J’interviens au nom du groupe socialiste.
Madame la ministre, dans un premier temps, j’avais préparé une intervention écrite. Mais, en vous écoutant, je me suis dit qu’il valait mieux renoncer à la lire, pour vous répondre avec humeur…
Nous sommes au Sénat, assemblée dont la mission constitutionnelle est d’assurer la représentation des collectivités territoriales de la République. Je comprends donc difficilement la charge portée contre les élus locaux que nous sommes presque tous.
Je ne sais pas s’il y a méconnaissance de votre part du fonctionnement des communes, mais si tel est le cas, permettez-moi de vous rappeler un certain nombre de constantes.
Les maires et les présidents des conseils généraux ultramarins ne sont ni des inconscients ni des irresponsables ! Ils gèrent leurs collectivités avec les meilleures intentions, dans l’intérêt bien compris des populations. Nous sommes, outre-mer, confrontés à des problèmes sociaux spécifiques dont il n’a jamais été tenu compte ! Le rapport de la mission commune d’information du Sénat en fait d’ailleurs état.
Les dotations de l’État ne prennent pas en compte la réalité. Par exemple, le pourcentage de personnes âgées est neuf ou dix fois plus élevé à la Martinique qu’en métropole. De même, les allocataires de minima sociaux sont beaucoup plus nombreux qu’ailleurs. Or les communes d’outre-mer reçoivent exactement la même dotation globale de fonctionnement, à taille équivalente, que les communes de France hexagonale. Dans le même temps, le traitement de nos fonctionnaires est supérieur de 40 % à celui de leurs homologues métropolitains ! Nous nous trouvons en outre dans une zone tropicale humide, où le vieillissement des bâtiments est beaucoup plus rapide. Enfin, les prix sont beaucoup plus élevés chez nous.
Par conséquent, on peut comprendre que des revendications s’expriment, que les syndicats, à juste titre, demandent aux élus la titularisation des personnels ! N’oublions pas que les maires jouent un rôle de « buvard social ». Tenant compte d’un taux de chômage important, ils ont distribué du pouvoir d’achat aux familles. Ce faisant, ils ont grevé lourdement leur situation financière. Ils l’ont fait non par caprice, mais par obligation ! Voilà pourquoi les communes sont dans une situation financière difficile et ne peuvent faire face aux dépenses !

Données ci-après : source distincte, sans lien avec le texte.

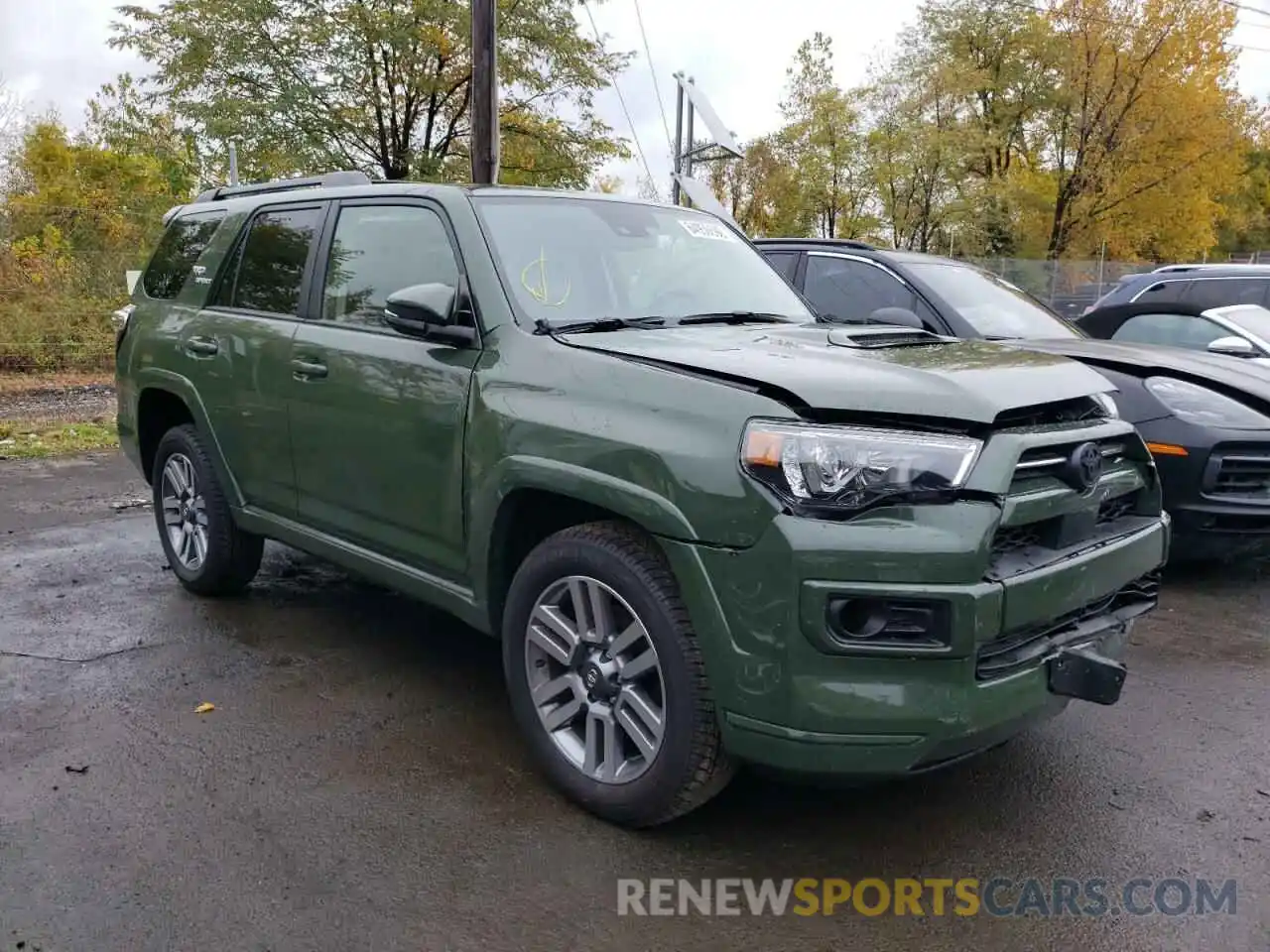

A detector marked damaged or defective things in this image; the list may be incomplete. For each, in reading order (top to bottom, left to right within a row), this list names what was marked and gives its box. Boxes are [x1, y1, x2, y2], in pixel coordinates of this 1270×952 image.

damaged green suv [119, 175, 1175, 829]
damaged hood [560, 321, 1119, 422]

Les collectivités d’outre-mer sont les locomotives du développement. Par la commande publique, elles stimulent la vie économique. Aujourd’hui, si elles sont en panne, c’est parce qu’elles ont beaucoup répondu à la demande sociale. Il faut tenir compte de cette réalité !

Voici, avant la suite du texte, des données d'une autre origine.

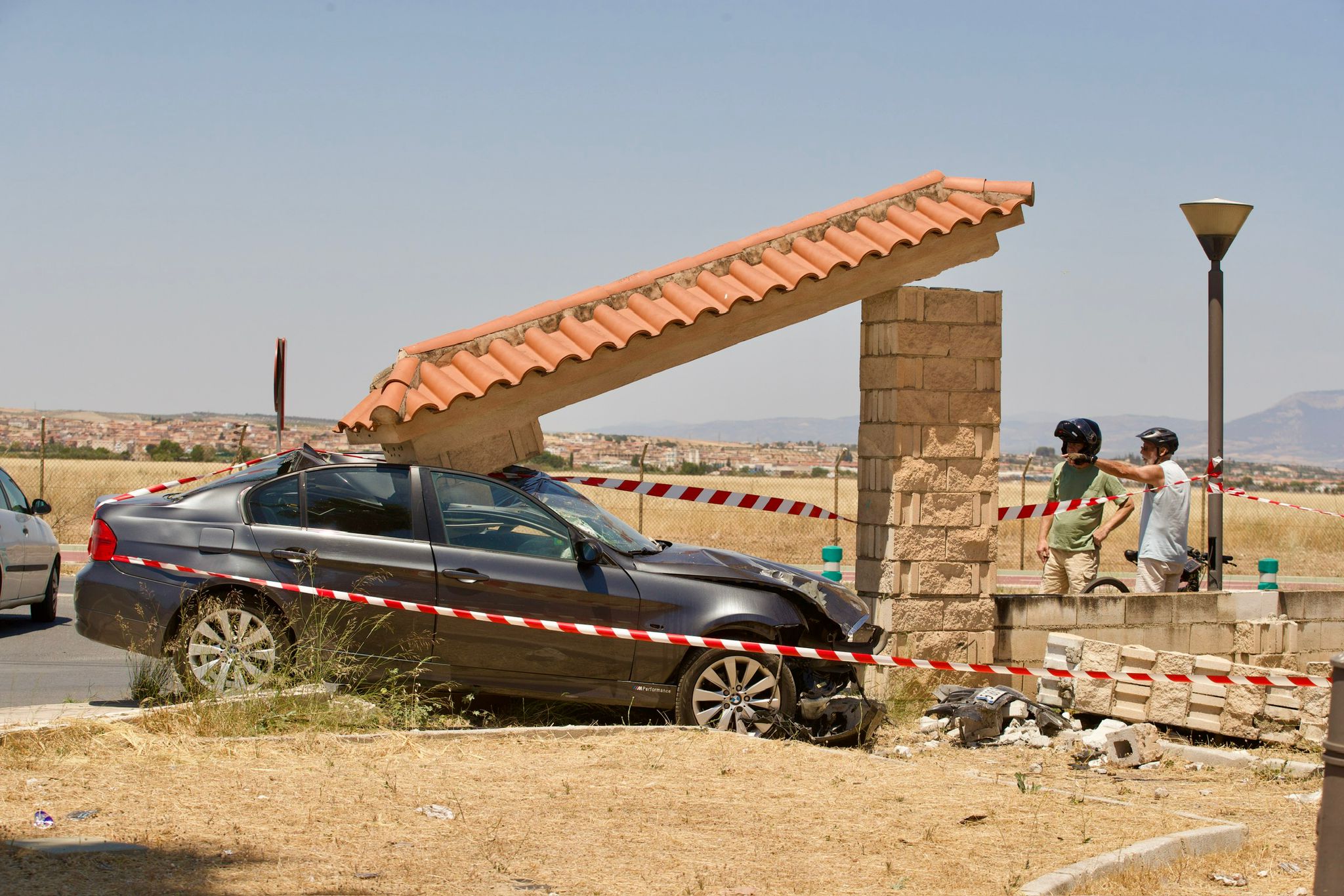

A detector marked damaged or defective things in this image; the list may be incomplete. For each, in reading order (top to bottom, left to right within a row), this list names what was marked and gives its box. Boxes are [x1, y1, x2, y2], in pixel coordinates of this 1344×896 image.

crashed black bmw [79, 449, 887, 745]
shattered windshield [509, 470, 662, 554]
crumpled car hood [630, 543, 872, 640]
broken brick wall [861, 289, 998, 687] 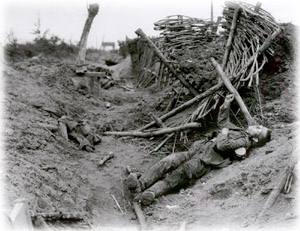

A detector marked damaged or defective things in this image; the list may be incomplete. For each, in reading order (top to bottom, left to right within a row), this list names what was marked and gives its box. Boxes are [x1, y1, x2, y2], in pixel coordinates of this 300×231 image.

broken timber [134, 28, 199, 96]
broken timber [139, 27, 282, 131]
broken timber [211, 57, 255, 126]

Le plan Cocarde ne suffira pas à répondre concrètement aux difficultés que rencontrent les communes d’outre-mer : c’est d’ailleurs ce qui est écrit dans le rapport sénatorial, dont il ne suffit pas de reconnaître l’excellence ! Nous sommes allés enquêter partout et nous avons formulé des propositions !

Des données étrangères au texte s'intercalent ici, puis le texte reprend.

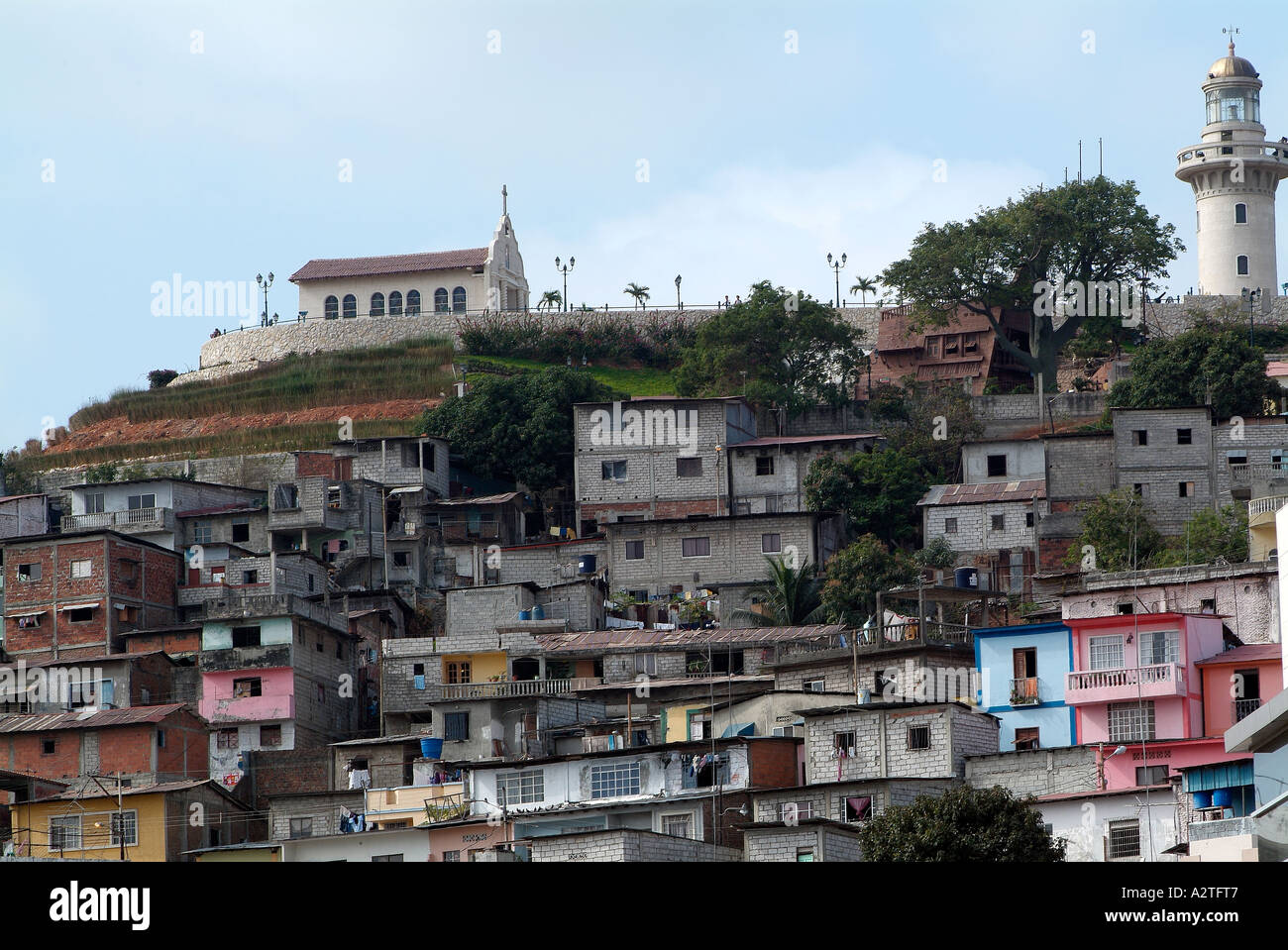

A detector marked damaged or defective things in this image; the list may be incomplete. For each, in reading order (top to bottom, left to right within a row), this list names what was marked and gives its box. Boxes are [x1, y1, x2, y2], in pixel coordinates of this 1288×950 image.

rusty metal roof [533, 622, 844, 651] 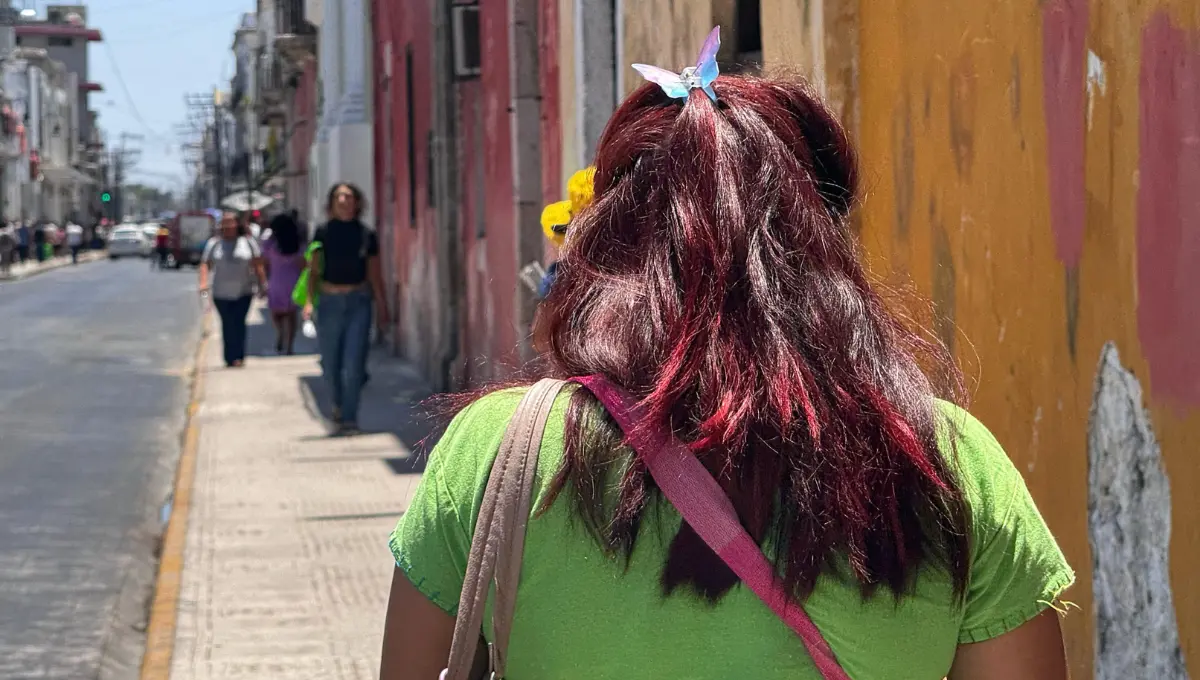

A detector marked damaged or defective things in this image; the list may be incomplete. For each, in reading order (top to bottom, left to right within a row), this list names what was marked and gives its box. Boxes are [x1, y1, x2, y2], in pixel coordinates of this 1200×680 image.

peeling paint on wall [1046, 0, 1094, 268]
peeling paint on wall [1132, 11, 1200, 410]
peeling paint on wall [1094, 345, 1185, 680] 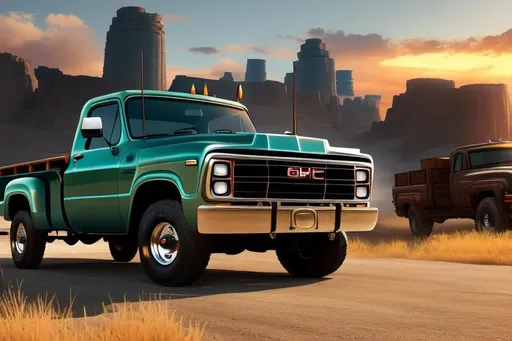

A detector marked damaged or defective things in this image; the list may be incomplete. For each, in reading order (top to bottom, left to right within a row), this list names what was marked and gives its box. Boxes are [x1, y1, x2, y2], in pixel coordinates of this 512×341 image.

rusty brown truck [394, 139, 512, 235]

Les dettes sociales des communes ne sont pas payées, tandis que l’État ne remplit pas son rôle. Les préfets avaient obligation d’intervenir auprès des maires. Aujourd’hui, la plupart des communes de Guadeloupe ne peuvent plus payer. Que fait-on face à cette situation ? Le plan Cocarde est-il la solution ? Nous verrons bien si, dans vingt ou trente ans, il aura permis aux communes de sortir de l’ornière… La situation est dramatique !
En ce qui concerne les décrets d’application de la LODEOM, madame la ministre, vous vous êtes référée à la loi Girardin pour expliquer la longueur des délais de publication des textes. Mais la crise est aujourd’hui plus aiguë qu’elle ne l’était à l’époque de Mme Girardin ! Nous n’avons plus le temps ni le droit d’attendre ! Interpellés par nos populations, nous vous demandons à notre tour de faire vite ! Si la LODEOM est bien, comme vous l’affirmez, la solution idoine pour nous faire sortir de cette situation, il n’y a plus à attendre pour prendre les décrets d’application !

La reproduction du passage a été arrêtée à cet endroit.